To investigate the pathogenicity of the prevalent S. suis serotypes 2 and 7, strains SS2-1 and SS7-1 were selected for animal experimentation in 42-day-old, healthy Landrace pigs confirmed to be free of S. suis and other exogenous pathogens. The experimental results demonstrated that pigs in both the SS2-1 and SS7-1 challenge groups presented clinical signs such as lethargy, huddling, and a marked reduction or complete loss of appetite within 12 h post-infection (Figures 6D,G). Notably, all pigs in the SS2-1 group succumbed to acute infection by the fourth day, resulting in a mortality rate of 100% (8/8). In the SS7-1 group, no acute deaths occurred, but two pigs died on the 10th day, resulting in a mortality rate of 37.5% (3/8) (Figure 7). The surviving pigs were emaciated and exhibited slow growth, whereas no significant changes were detected in the control group (Figure 6A).

Figure 6

Figure 6. Clinical manifestations and post-mortem lesions in 42-day-old Landrace pigs after artificial infection. (A–C) Show the clinical status, heart, and lung lesions of pigs in the control group; (D–F) depict the clinical status, heart, and lung lesions in the SS2-challenged group; (G–I) illustrate the clinical status, heart, and lung lesions in the SS7-challenged group.

Figure 7

Figure 7. Survival curves of 42-day-old Landrace pigs after artificial infection with S. suis. The survival rates for the SS-2 and SS-7 challenge groups were 0 and 71.42%, respectively, whereas no deaths occurred in the control group.

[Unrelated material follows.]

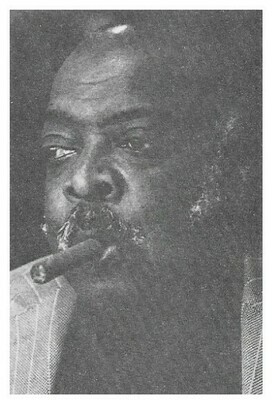 Basie, Count / Closeup-Smoking Cigar / 1970s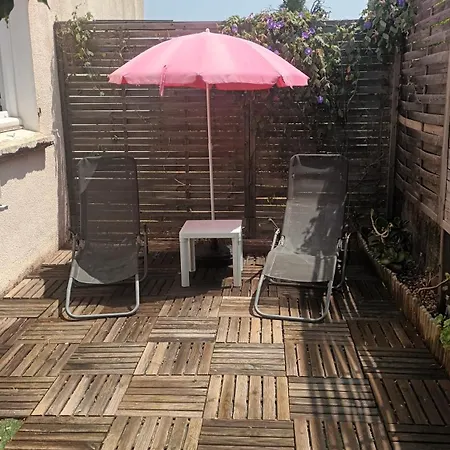 Maison A 200m De La Mer, 10 Mn De L'aeroport De Bastia Et A 20mn Du Port * Lucciana (Corsica)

Necropsy was performed on pigs that died after infection. The results revealed the following: In the SS2-1 group, the deceased pigs exhibited typical acute fibrinous myocarditis, with yellow-brown flocculent exudates accumulating in the pericardial cavity (Figure 6E). The lungs exhibited diffuse congestion and edema, characterized by dark red congested areas along the margins of the lung lobes (Figure 6F). In the SS7-1 group, the pathological changes in the deceased pigs were similar to those observed in the SS2-1 group but were comparatively less severe. The principal findings included surface cardiac hemorrhage and enlargement, myocardial hemorrhage, and mild fibrinous myocarditis (Figure 6H). The lungs were enlarged and hemorrhagic, and a small quantity of serous or mildly fibrinous exudate was present within the thoracic cavity (Figure 6I). In contrast, no significant pathological alterations were observed in the control group during necropsy (Figures 6B,C).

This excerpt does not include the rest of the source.